Beads vs Kelly Pipeline Assessment — Can Beads Replace Kelly's State Tracking?¶

Assessor: Carson (dark-factory-kb subagent)
Date: 2026-04-26
Sources: steve-yegge-beads, steve-yegge-meow, steve-yegge-gas-town, Kelly pipeline documentation (METHOD.md, STAGES.md, SOURCES.md)

Executive Summary¶

This assessment evaluates how practical Steve Yegge's Beads framework would be as a replacement for the Kelly pipeline's current state tracking infrastructure. Beads (git-versioned, SQL-queryable work primitives built on Dolt) offer compelling advantages in queryability, auditability, and composability — but integrating them into the existing Kelly system involves non-trivial migration complexity and some genuine trade-offs.

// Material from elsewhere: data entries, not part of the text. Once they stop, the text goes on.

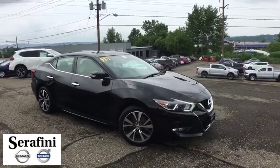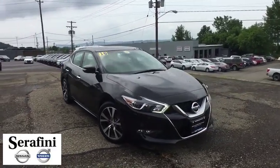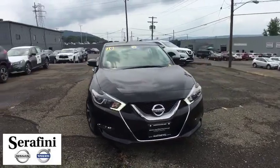Looking for the right vehicle? Check out the 2016 Nissan Maxima. Maxima offers elegance with an edge.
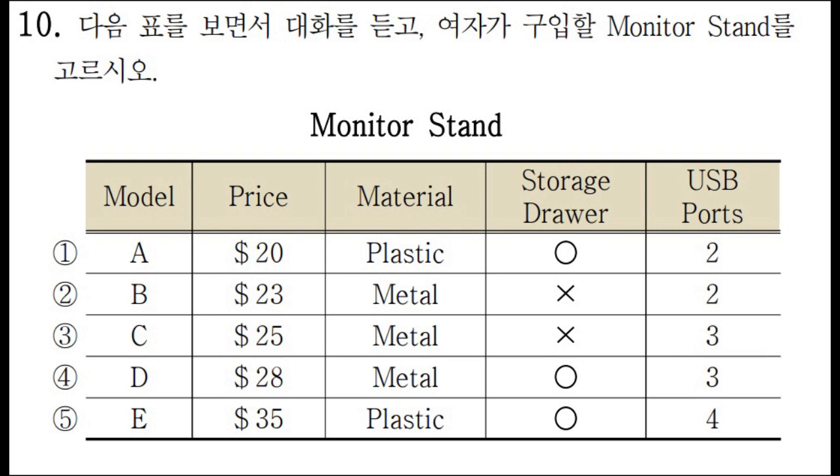There are only two options left now. How many USB ports do you need? I think I need at least three. I'll buy this one. Thanks for your help.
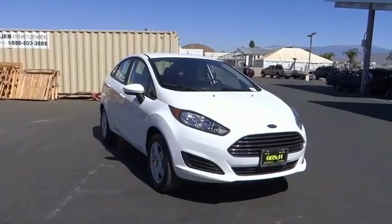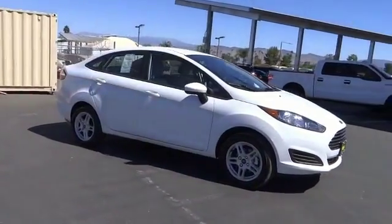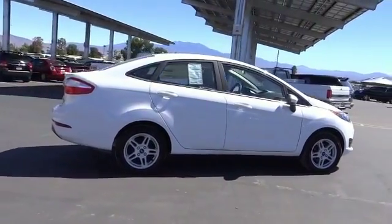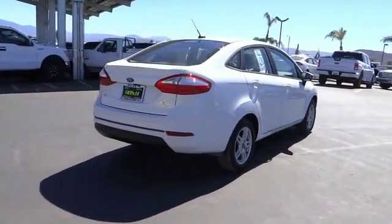We are pleased to show you the 2018 Fiesta. Ford will be offering a wide range of options and accessories on the Fiesta in a play to make the Fiesta highly customizable to fit the preferences of its drivers, and is priced below $20,000.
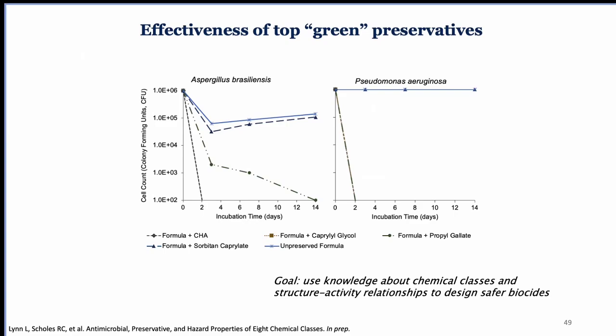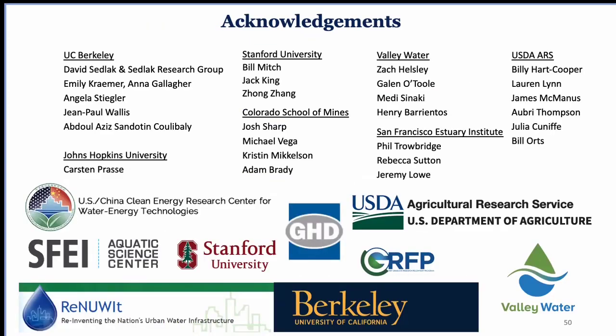I'll acknowledge the many collaborators and sources of support for this work from many different agencies. We worked with a lot of folks to get the pilot study of the open water wetland going, and of course my team at the USDA as well. With that, I'd be happy to take any questions.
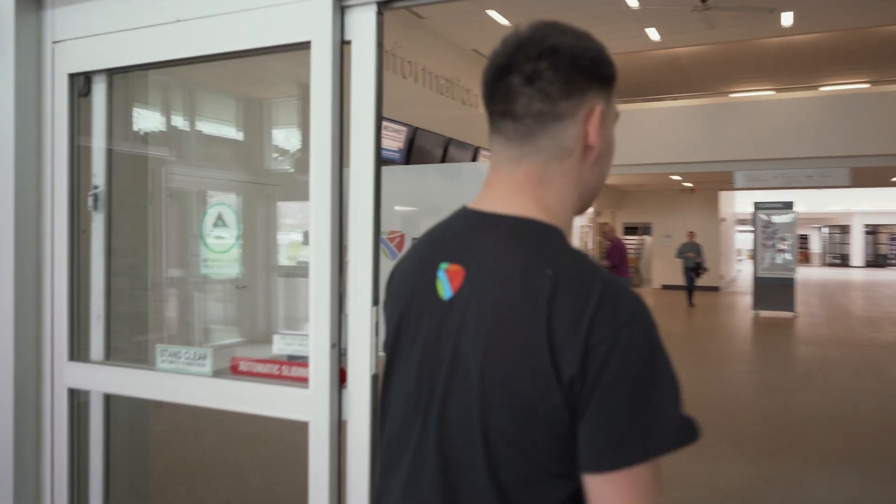Hey, my name is McCones. Welcome to Fleming College. This is the Sutherland campus where I was a recent graduate of the Customers and Board of Services program and the University Transfer program.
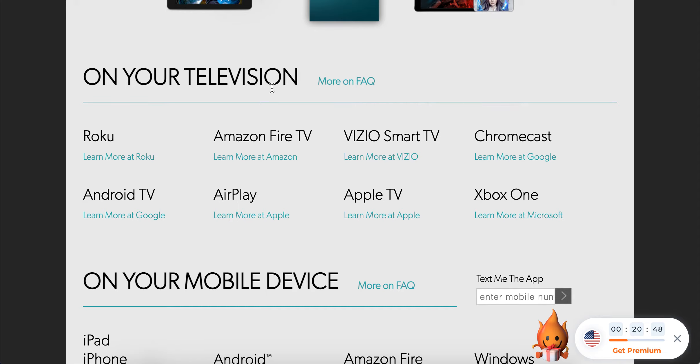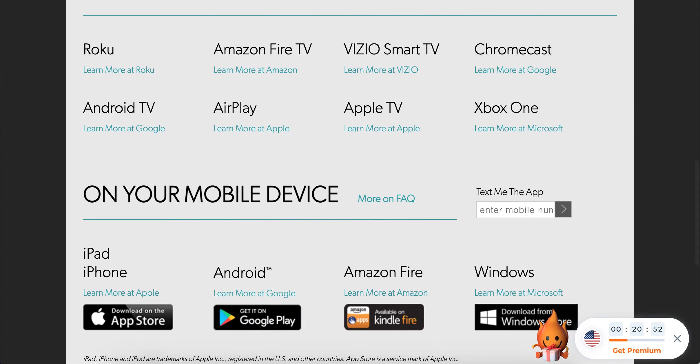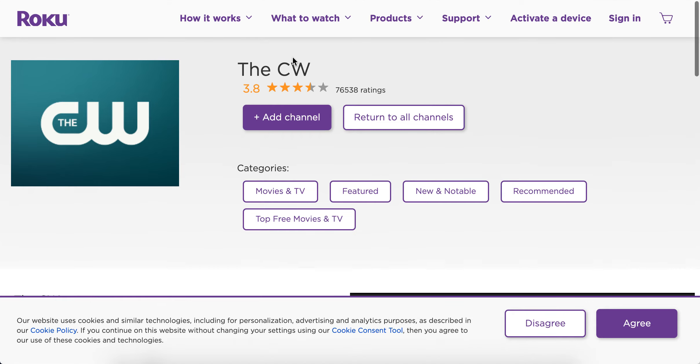Hey there, so is the CW app available on Roku? Yes, it is. You can see on their website. So if you go to the Roku channel store, you can see that here is the app. Here is the CW channel.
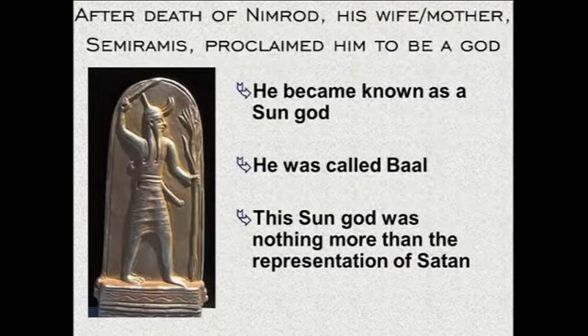The eight cities named in the Bible are Babel, Iraq, Akkad, Helne — all in the land of Shinar, which is just another name for Babylon — and also Nineveh, Rehoboth, and Kala, built in the land of Assyria. After the death of this Nimrod character, his wife and slash mother Semiramis proclaimed him to be a god. He became known as the sun god — called Bel. This sun god was nothing more than the representation of Satan, and this is really the beginning of the apostasy in this earth after the time of Noah.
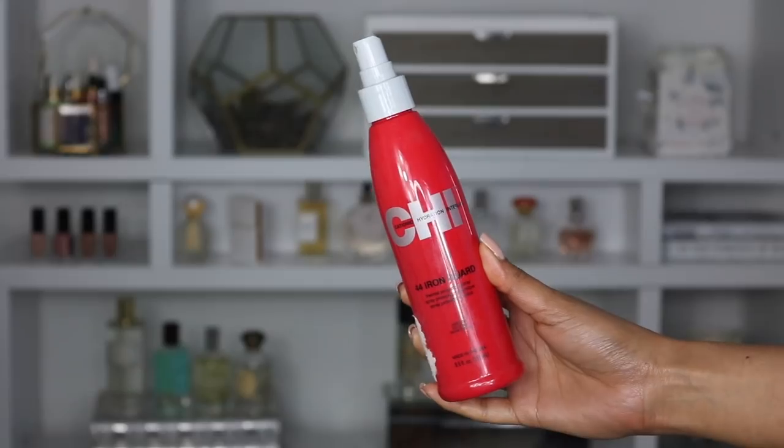Next up, my favorite heat styling protector — this is from Chi and it's the 44 Iron Guard. Before I blow dry, straighten, curl, or use hot rollers I always use a little bit of this. I've had it for such a long time. Just a few sprays covers my entire head. The best part is you can purchase this from Home Goods, TJ Maxx, or Marshalls on super sale, so buy it there for a crazy discount. Protecting your hair from heat is super important.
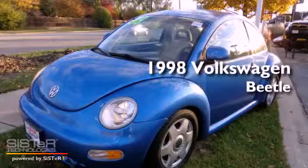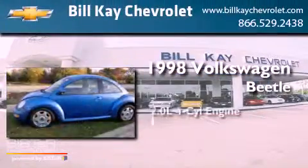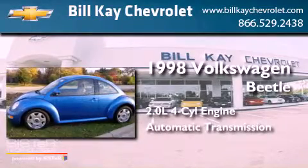This is a 1998 Volkswagen Beetle. It has a 2.0-liter four-cylinder engine and an automatic transmission.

Overall recommendation: Partial Adopt. Beads should be adopted as the audit and knowledge graph layer (replacing TEA audit and memory files), while the Kelly pipeline's existing mechanisms for pipeline state and done markers should be kept in the near term, with migration evaluated after the Beads substrate is established.

Assessment Framework¶

For each Kelly state tracking mechanism, this assessment evaluates:

What changes: How the mechanism would look under a Beads-based system
What breaks: Functionality that Beads cannot replicate or would require significant work to support
What improves: Capabilities that Beads would add or enhance
Implementation complexity: Estimated effort to implement, on a 1–5 scale (1 = trivial, 5 = major rewrite)
Recommendation: Adopt / Partial Adopt / Keep Existing

1. pipeline state¶

What It Is¶

pipeline state is the Kelly pipeline's central state file, tracking which stage each work item is in (Intake, Research, Planning, Implementation, Testing, Release), which subphase is active, and metadata about each stage's completion status.

What Changes Under Beads¶

Each pipeline stage and subphase becomes a Bead rather than a JSON blob. Instead of:

{
  "current_stage": "implementation",
  "subphase": "coding",
  "started_at": "2026-04-26T08:00:00Z"
}

You'd have a Bead with typed fields and explicit state transitions. The pipeline stage is the Bead type; the state machine (pending → running → done/failed) is the Bead lifecycle. The full history of state transitions is preserved in git history.

What Breaks¶

JSON consumers break. Any tooling that reads pipeline state as a flat JSON file (dashboards, CI integrations, monitoring tools) would need to be updated to query Dolt instead. This is non-trivial for external consumers.
Atomic multi-field updates. pipeline state supports atomic multi-field writes (e.g., advance stage AND record timestamp AND update subphase in one operation). Dolt transactions support this, but it's a different mental model.
Simple observability. A human reading pipeline state in an editor sees the full state at a glance. Dolt requires either SQL queries or a UI layer on top.

What Improves¶

Full audit trail. Every state transition is a git commit with author, timestamp, and reason. You can git log your way to any historical state, or run SQL queries across the history.
Cross-pipeline queries. If you have multiple pipelines running, you can query across all of them: "Show me all Beads of type testing that transitioned to done in the last 24 hours across all pipelines."
Branch and experiment. You can branch a Bead sequence to try a different approach, test it, then merge or discard. No equivalent in a flat JSON file.
Attestations attached to state. The Witness quality gate can attach its validation as a typed Bead edge, directly to the pipeline Bead it validated. In pipeline state, validation results are typically stored separately or appended to a log.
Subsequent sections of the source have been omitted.